Start of DATASET RECORDS
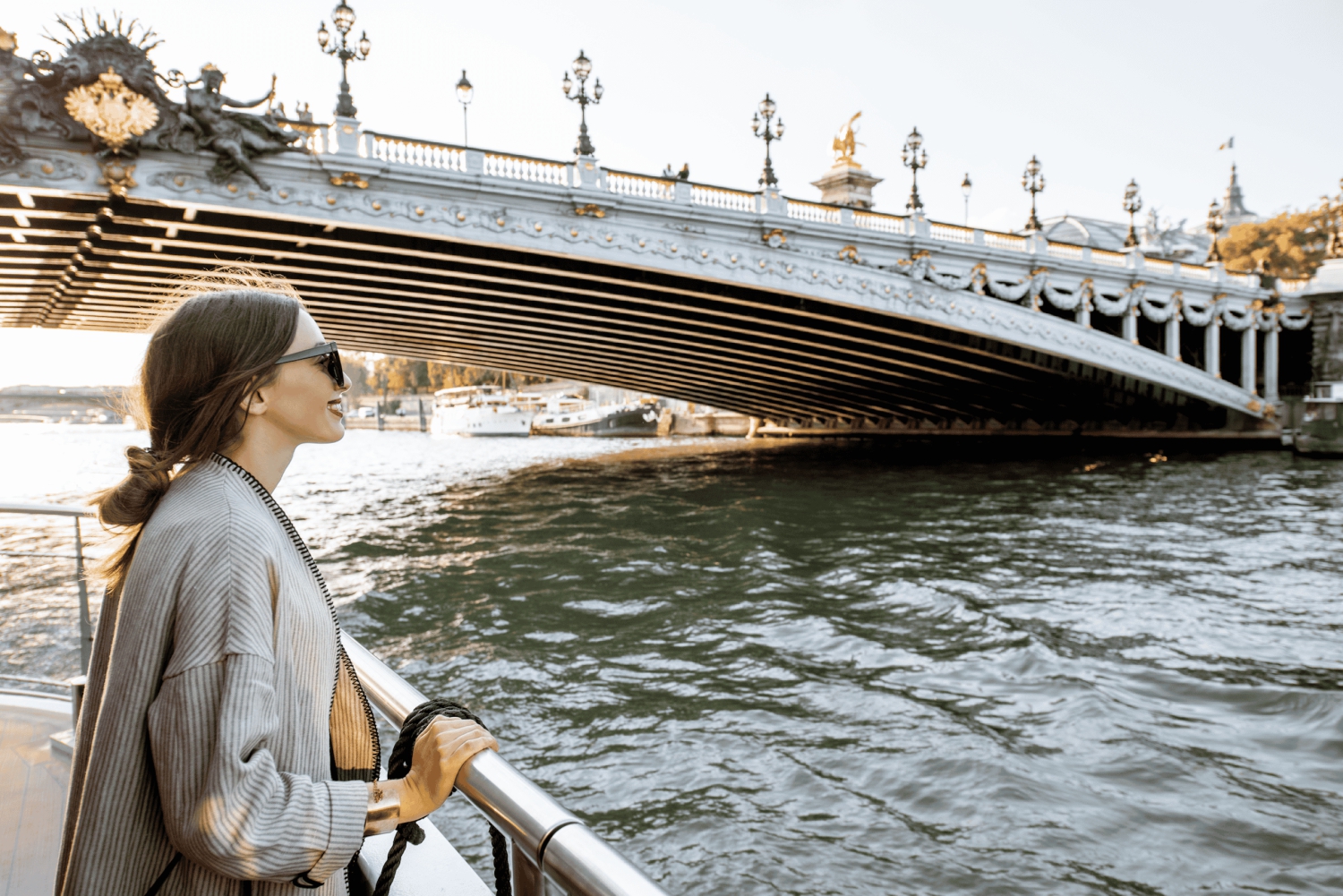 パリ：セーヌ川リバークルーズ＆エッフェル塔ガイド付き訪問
End of DATASET RECORDS
Start of DATASET RECORDS
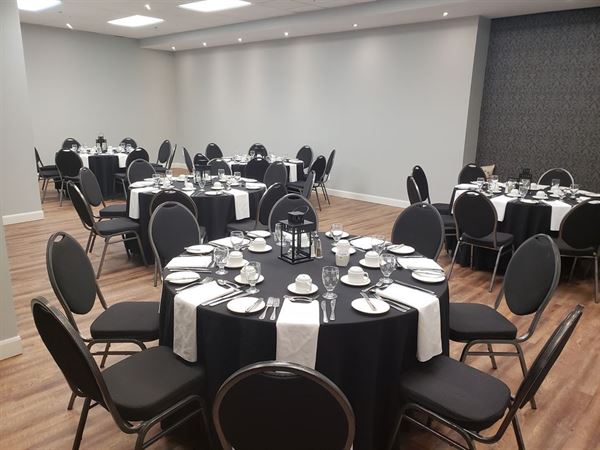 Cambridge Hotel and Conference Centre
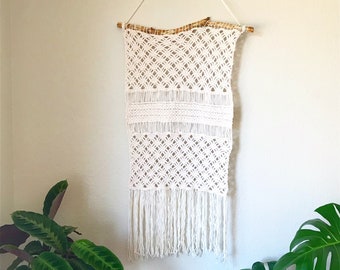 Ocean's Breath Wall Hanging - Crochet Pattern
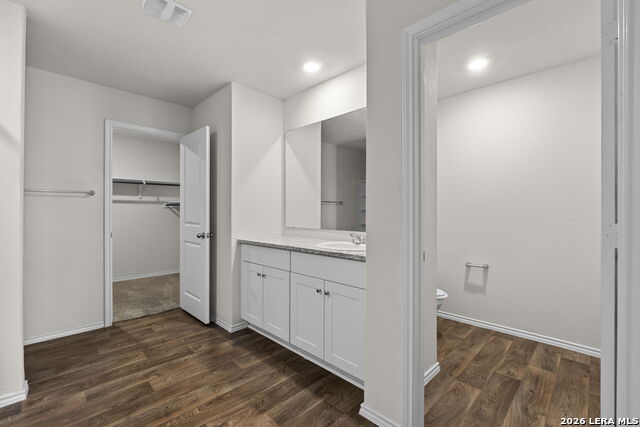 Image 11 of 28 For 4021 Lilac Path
End of DATASET RECORDS
INSTRUCTIONS FOR THE TASK -
Exact copy, pictures excluded: from the line with "Ocean's Breath Wall" up to and including the line with "Image 11 of 28 For 4021 Lilac Path" in the data above.

OUTPUT OF THE TASK -
 Ocean's Breath Wall Hanging - Crochet Pattern
 Image 11 of 28 For 4021 Lilac Path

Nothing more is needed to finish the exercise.